Question: Our surgeon saw a patient in the office, and advised a subsequent visit to perform IRC. The surgeon had also performed IRC last month. What is IRC, and how should I code the procedure and the office visit?
Idaho Subscriber
Answer: Surgeons may use Infrared Coagulation (IRC) as an office treatment for internal hemorrhoids. The surgeon uses a small probe to contact the area above the hemorrhoid that exposes the tissue to a burst of infrared light for about one second. This coagulates the veins above the hemorrhoid causing it to shrink and recede. IRC is a simple, painless, and effective alternative to more invasive surgical procedures.
The duration of each treatment is only about two minutes and usually patients require several trips a few weeks apart to destroy all the “feeder” veins (the small veins that feed the hemorrhoids). Over time, the hemorrhoids shrink and, in many cases, vanish completely. Even in case of incomplete elimination, the shrinkage usually stops troublesome symptoms such as bleeding, pain, and protrusion.
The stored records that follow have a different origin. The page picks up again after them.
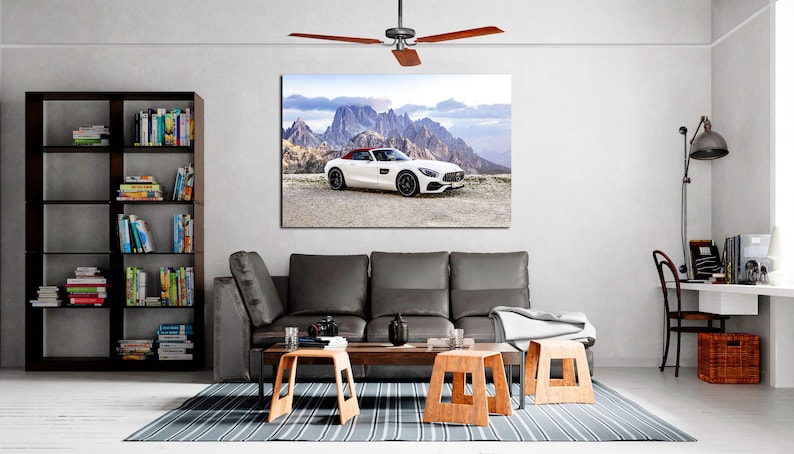 May include: A white convertible sports car parked on a mountain road with a view of the mountains in the background. The car has a red interior and a black roof.
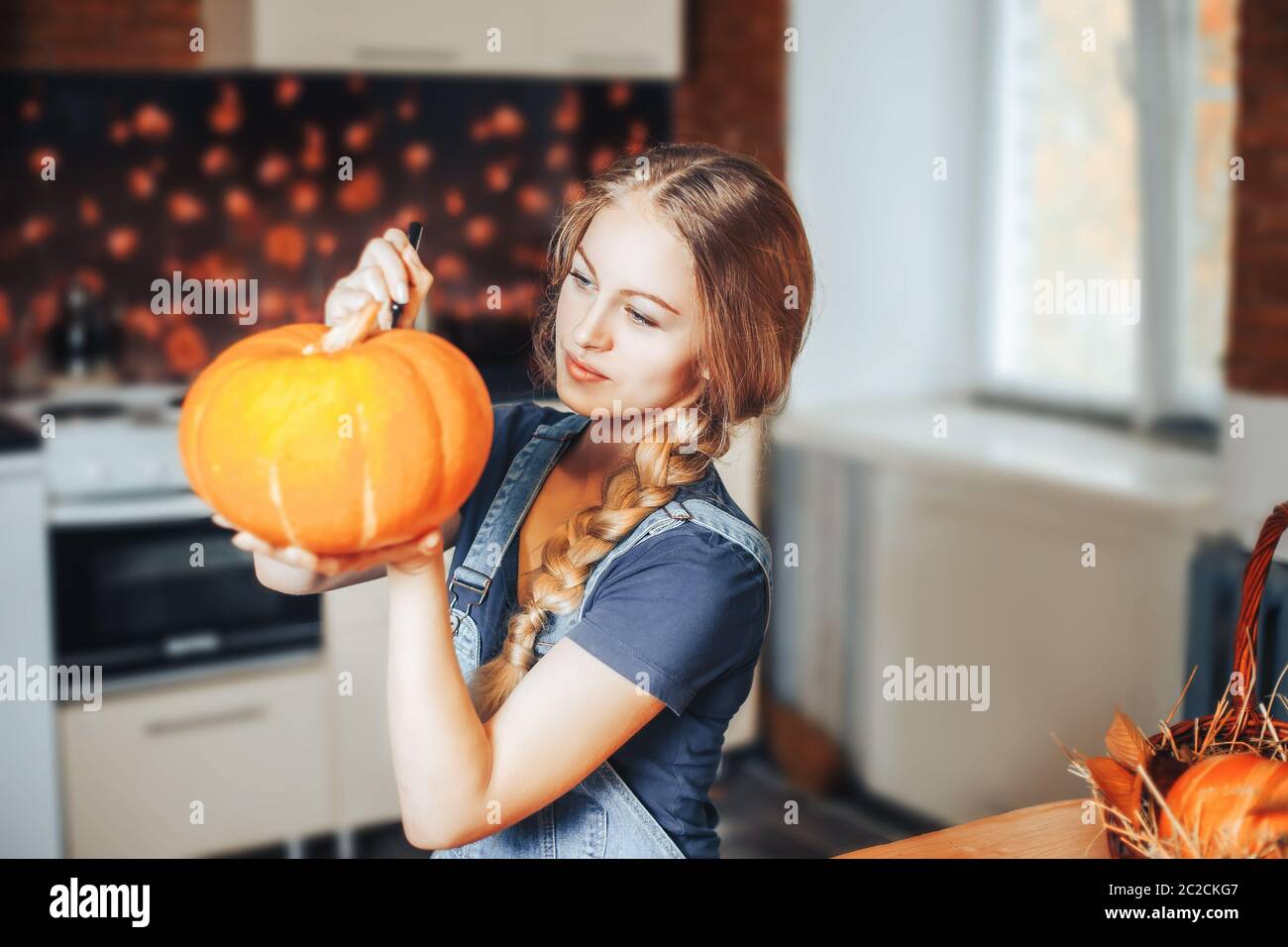 une belle femme blonde peint des citrouilles pour halloween à la maison sur la cuisine Banque D'Images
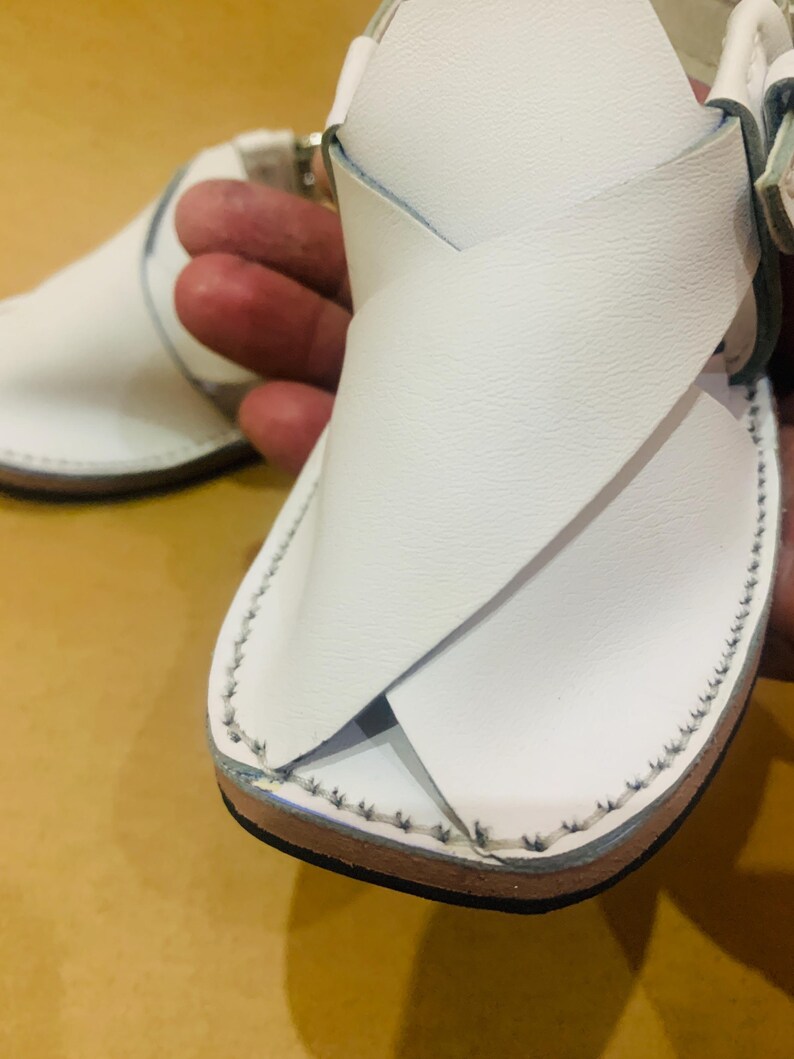 May include: White leather sandals with a crisscross design over the foot. The sandals have a stitched border and a buckle closure. The sole is brown. The sandals are designed for warm weather.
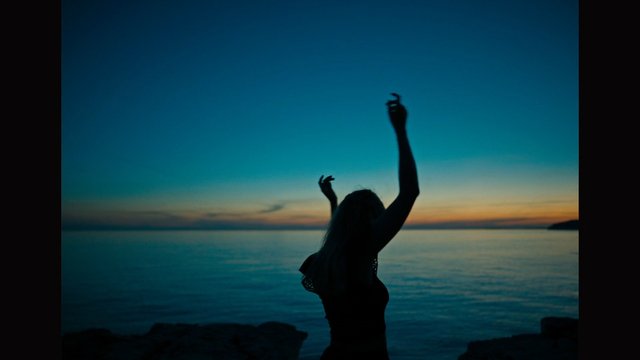 Video Reference: silhouette, person, sunset, sea, ocean, beach, sky, horizon, evening, arms raised, back view, travel, nature, waterscape, serene, coastline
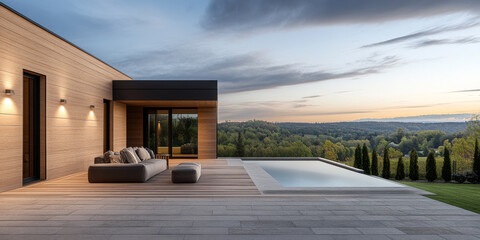 Modern outdoor living space with pool and scenic view during sunset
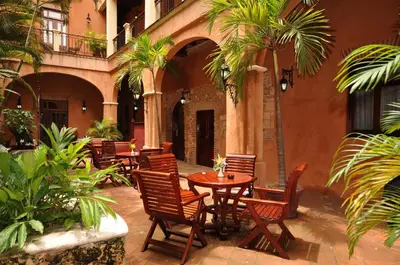 an outdoor patio with tables and chairs and palm trees at Boutique Hotel Palacio in Santo Domingo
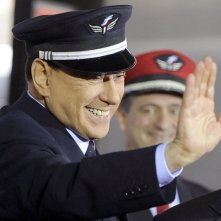 Berlusconi sorridente, indossa un copricapo delle Ferrovie dello Stato.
For the procedure itself, you should report 46930 (Destruction of internal hemorrhoid(s) by thermal energy [egg, infrared coagulation, cautery, radiofrequency]). This procedure has a 90-day global period, which means that you should include the office visit in between treatments in the initial code. You should not separately bill that visit using an E/M code. You still need to document the visit for the clinical care and recommendations.
If the second IRC occurs within the 90-day global period, you can’t separately bill for it, either. You can separately bill for an additional IRC that occurs beyond the 90 days.